У Питера Паффа имеются для продажи следующие товары: недоуздки для некоторых известных ораторов — терпение для мужей-подкаблучников — мужья всех мастей для старых дев — старые уродливые жены при деньгах для фатов — разводы для женатых — хорошая жена с недоуздком и всеми гарантиями. — Место в церкви Святого Георгия, дешево — давно в наличии» (англ.).
[19] Цитируемая книга представляет собой второе, дополненное издание сборника [Ramsay 1822]. Позднее появилось еще одно издание: [Ramsay 1830]. По словам составителя, он извлекал материал для своего издания из разнообразных французских и английских сборников анекдотов, как популярных, так и редких. К сожалению, просмотреть издания 1822-го и 1830 годов и выяснить, имеется ли и там приведенный выше анекдот, не удалось.
[20] Ср., например, в нравоописательном очерке М.-Н. Балиссона де Ружмона «Надгробные камни» рассказ торговца кладбищенскими памятниками с заранее нанесенными на них надписями, который отчасти перекликается с курьезным объявлением: «…я решился вырезывать надписи заблаговременно, означив на них всякие добродетели и взяв предосторожность, чтобы они могли служить для всех сословий общества. У меня есть добрые мужья, превосходные отцы семейств во всякую цену; искренние друзья разной величины; почтительные сыновья, черными и золотыми литерами, смотря по состоянию; добродетельные матери на камне и верные супруги на мраморе…» [Балиссон де Ружмон 1824: 234].
[21] «Священное убежище мертвых не должно подвергаться вторжениям безнаказанно. Соблазн похищать наши тела был искоренен законодательной властью, но теперь страсть к наживе пробуждает в людях соблазн похищать наши гробы» (англ.).
[22] «…помешался на почве осквернения могил; <…> он рассказывает об этом, обращаясь к любой аудитории, которую может собрать, взгромоздившись на трибуну, изготовленную из подержанного гроба, который он украл у гробокопателя, намеревавшегося применить его по назначению еще раз» (англ.).
[23] «…даже будучи уверены в истинности случившегося, мы с некоторым колебанием упоминаем об этом.

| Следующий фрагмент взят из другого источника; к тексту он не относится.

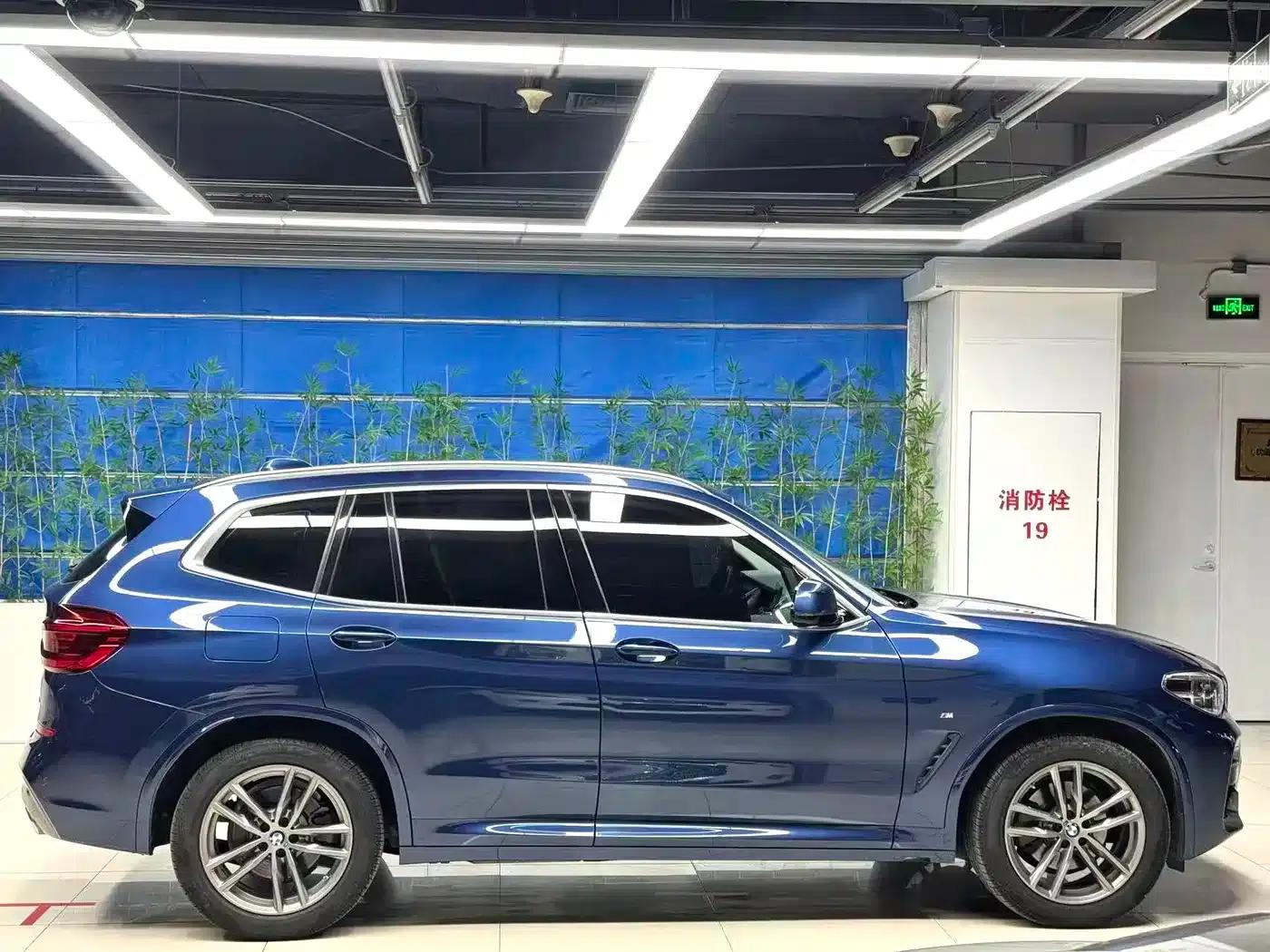 BMW X3 2021 xDrive25i M Sport Package — миниатюра 5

Говорят, после смерти своей жены <…> он пустился на хитроумные уловки, чтобы попытаться добыть для ее останков подержанный гроб и уменьшить похоронные расходы, связанные с этим печальным событием» (англ.).

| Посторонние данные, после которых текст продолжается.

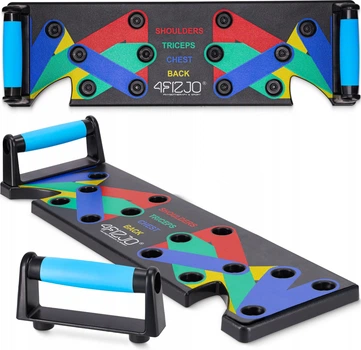Упори (дошка) для віджимань зі змінним хватом 4FIZJO Push-up Board (P-5907739312501)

[24] «Автор объявления должен быть если не помешанным, то вампиром. Подержанный гроб может потребоваться лишь телу, влачащему своего рода жизнь в смерти. Ни одно нормальное привидение никогда не проявит интереса к подобной вещи. Можно вообразить, что это вампир, старый гроб которого развалился и который не может позволить себе приобрести новый. Более вероятно, что рекламодатель — дурак, а скорее всего — это шотландец, свихнувшийся на почве экономии. Что же касается искомого им подержанного гроба, то где же тот гробовщик, который возьмется его предоставить?» (англ.).